Хосе показался мне самым экзотическим человеком из всех, кого я встречала, и я каждый день приходила к нему пить текилу. Через неделю мы переместились в его комнату покурить травку. Он зажег какие-то благовония и показал мне свою скрипку, сделанную в восемнадцатом веке лучшим мастером Франции. Я посмотрела в эфы и увидела табличку с именем, которую Никола Люпо вставил туда в 1795 году, прежде чем приклеить на место верхнюю еловую деку. Скрипка стоила сто семьдесят тысяч долларов, на ней играли многие поколения музыкантов, пока богатый коллекционер не подарил ее Хосе.
По скрипичным стандартам, это был еще довольно скромный инструмент. Лучшая в мире скрипка, сделанная в 1730 году итальянским мастером Антонио Страдивари, тянула на четыре миллиона долларов. Скрипка 1735 года автора Гварнери дель Джезу продавалась за три с половиной миллиона. Один только смычок мог стоить больше пятидесяти гобоев. Лучший французский смычок девятнадцатого века, сделанный из бразильского пернамбукового дерева и конского волоса, стоил тогда больше ста тысяч долларов. Большинство музыкантов не могло позволить тебе такие редкие и старинные инструменты, и они – как и Хосе – надеялись получить скрипку в дар или на время от богатого мецената. Хосе задвинул футляр за свою вторую, и последнюю, пару обуви.

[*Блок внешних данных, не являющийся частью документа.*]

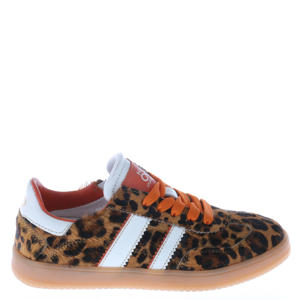 leren sneakers panterprint/oranje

Я приходила к Хосе каждый день, пока он наконец не пригласил меня к себе после ужина. В его комнате я отпила рома и сделала затяжку, пока он перебирал пластинки. Сначала мы послушали симфонию Брамса, а потом из колонок понеслась «Просветленная ночь» Арнольда Шенберга. В полном восторге я бросилась на Хосе, а он погладил мои волосы. На занятиях я не появлялась неделями. Топливом для моей музыки была страсть, а не теория, английский и сольфеджио (пение нот без текста). Я была влюблена.

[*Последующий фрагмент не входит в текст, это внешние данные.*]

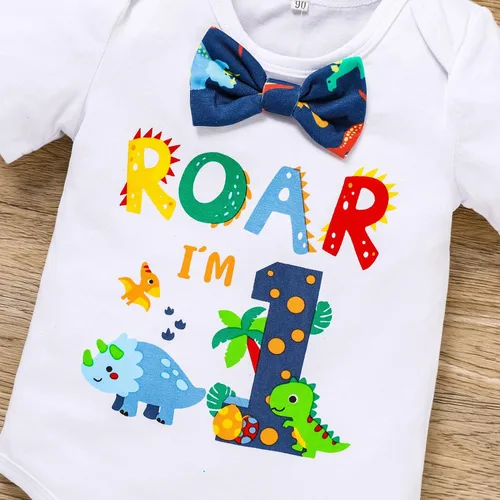 Vista 4 de Conjunto de ropa de manga corta con tirantes ajustables en la espalda en Y para bebés y niños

Хосе снял черный свитер с высоким воротником и рубашку-дашики, которые он носил каждый день, и запах его немытого тела смешался с запахом дешевых духов. Мы поцеловались под кульминацию брамсовского квинтета фа-минор. Хосе осторожно снял с меня футболку, носом ткнулся мне в шею и содрал с кровати покрывало. На простыне виднелась менструальная кровь другой девушки, но я позволила ему опрокинуть себя на кровать. Когда он впервые вошел в меня, больно не было.

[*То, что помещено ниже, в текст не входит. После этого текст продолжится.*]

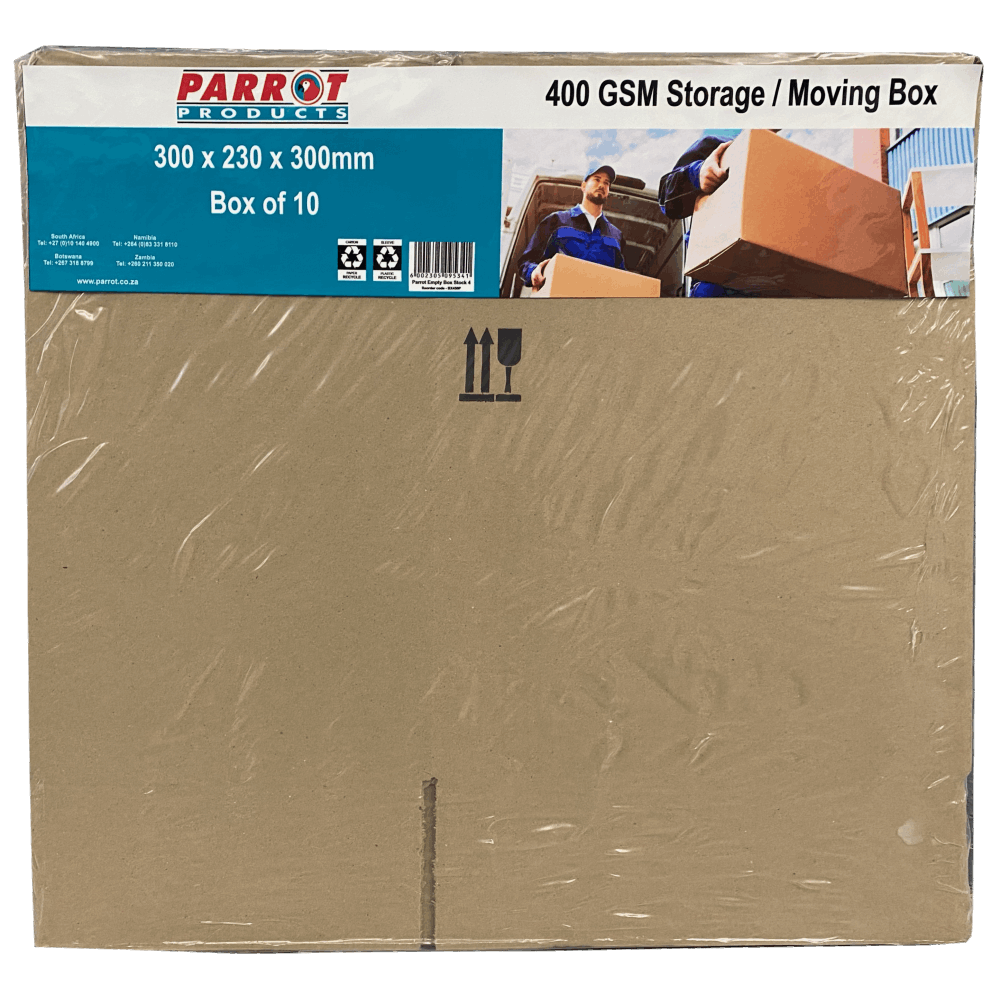 Cardboard storage box with Parrot Products branding and dimensions on a white background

– Спасибо, – прошептала я драматическим шепотом. Хосе замер.
– Да брось, ты не можешь быть девственницей, – пренебрежительно сказал он.
Когда я проснулась – около полудня – голова у меня раскалывалась. Я бросилась в медпункт за противозачаточными таблетками. Медсестра протянула мне форму согласия родителей на рецепт. Таблетки на год обошлись бы в четыреста баксов. Я не могла попросить родителей подписать эту форму – они немедленно забрали бы меня из школы, узнав, что я занимаюсь сексом, и я бы снова стала наполовину звездой, наполовину изгоем в обычной средней школе. Что касается другого варианта, мои родители, конечно, расщедрились на сорок баксов карманных денег в месяц, но на таблетки и этого не хватило бы. Я отправилась в городскую клинику на окраине Уинстон-Сейлема, куда пришлось ехать на нескольких автобусах. В Школе искусств Северной Каролины никогда не говорили о предохранении, но у старшеклассниц был особый фонд, предназначенный для оплаты абортов.
Затолкав бесплатные таблетки в футляр для гобоя, я принялась планировать побег из комнаты после отбоя, чтобы навестить Хосе. Один из комендантов всегда предупреждал нас о неожиданных проверках, так что никто никогда не попадался, и ангельский имидж учащихся оставался незапятнанным. На всякий случай я соорудила в постели «куклу», закрыв маленькую подушку коричневой шелковой блузкой, чтобы она выглядела издали как моя голова, и положив под одеяло резиновую руку, которая высовывалась оттуда как бы невзначай.